WORK TO COMPLETE:
For this exercise, repeat the whole listing below exactly. Leave the pictures out.

GIVEN DATA:
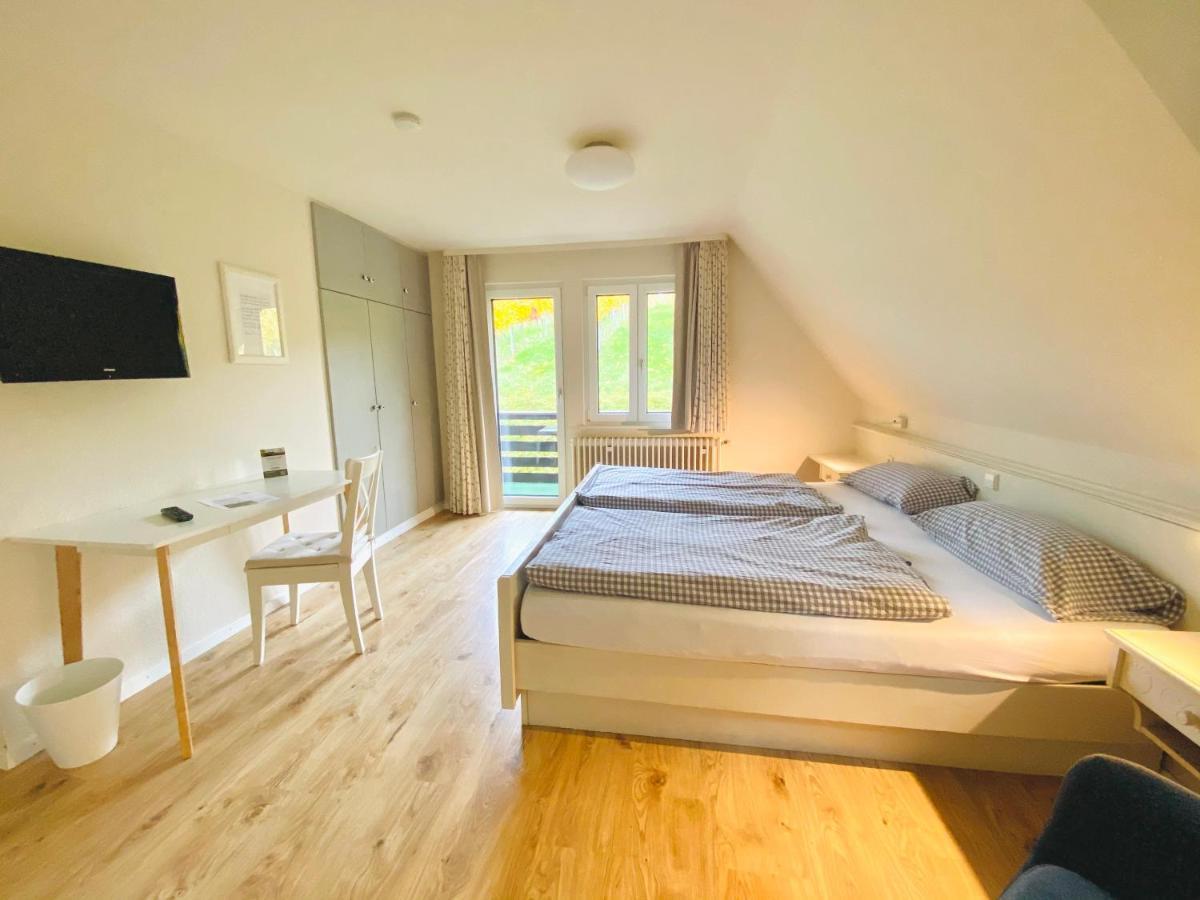 Pension Am Weinberg Sasbachwalden Bagian luar foto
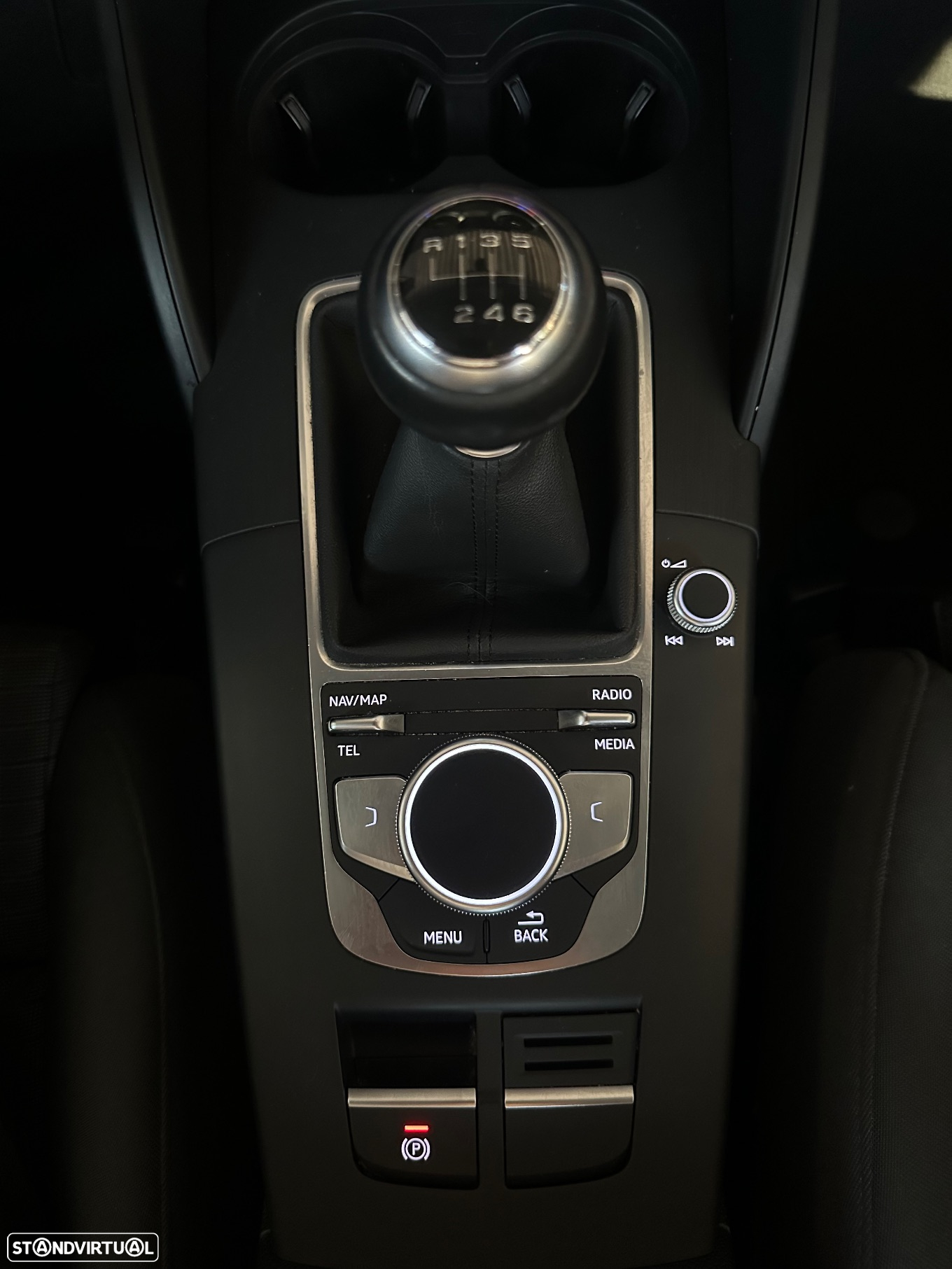 Audi A3 Limousine 30 TFSI Design - 32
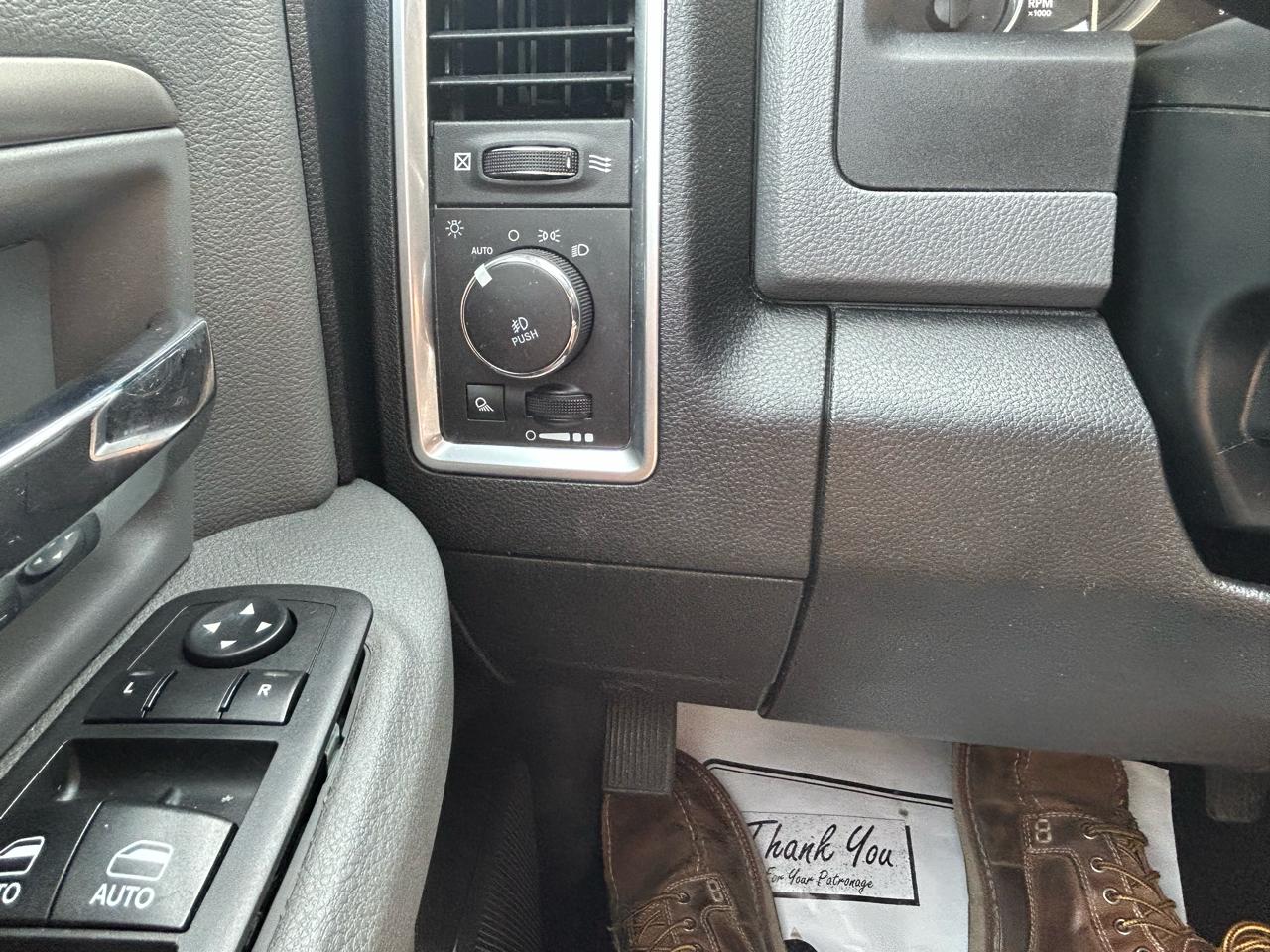 RAM 1500 Big Horn 4x4 Crew Cab 5'7" Box 2018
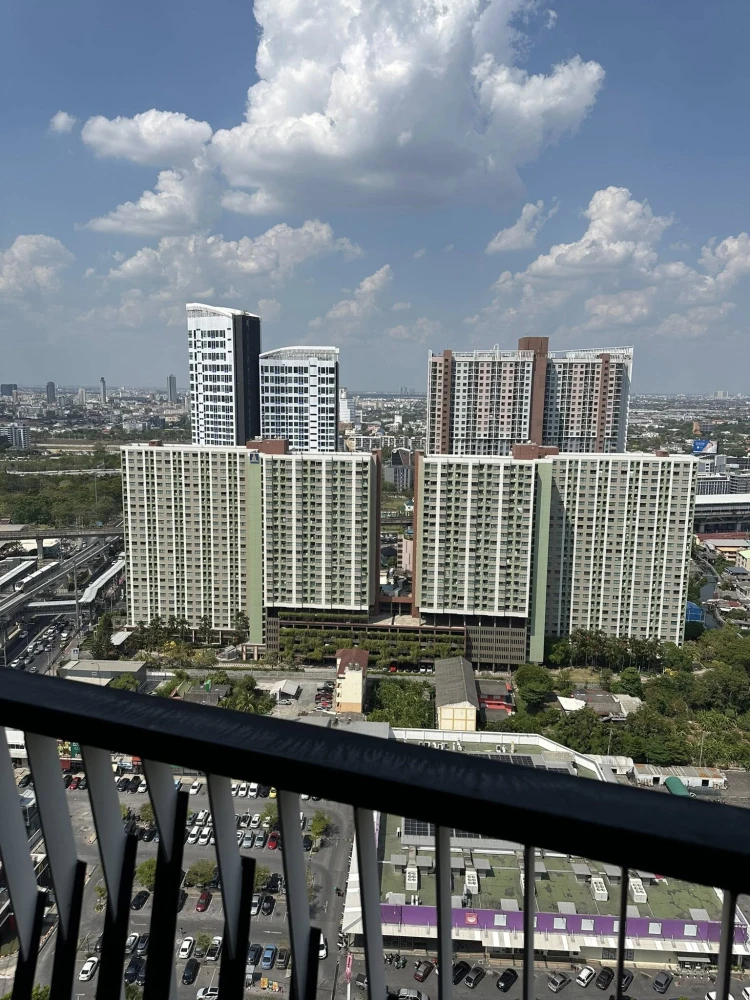 Urgent sale! Assakarn Place Srinakarin Condo, ready to move in, complete amenities. Book now!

ANSWER BOX:
 Pension Am Weinberg Sasbachwalden Bagian luar foto
 Audi A3 Limousine 30 TFSI Design - 32
 RAM 1500 Big Horn 4x4 Crew Cab 5'7" Box 2018
 Urgent sale! Assakarn Place Srinakarin Condo, ready to move in, complete amenities. Book now!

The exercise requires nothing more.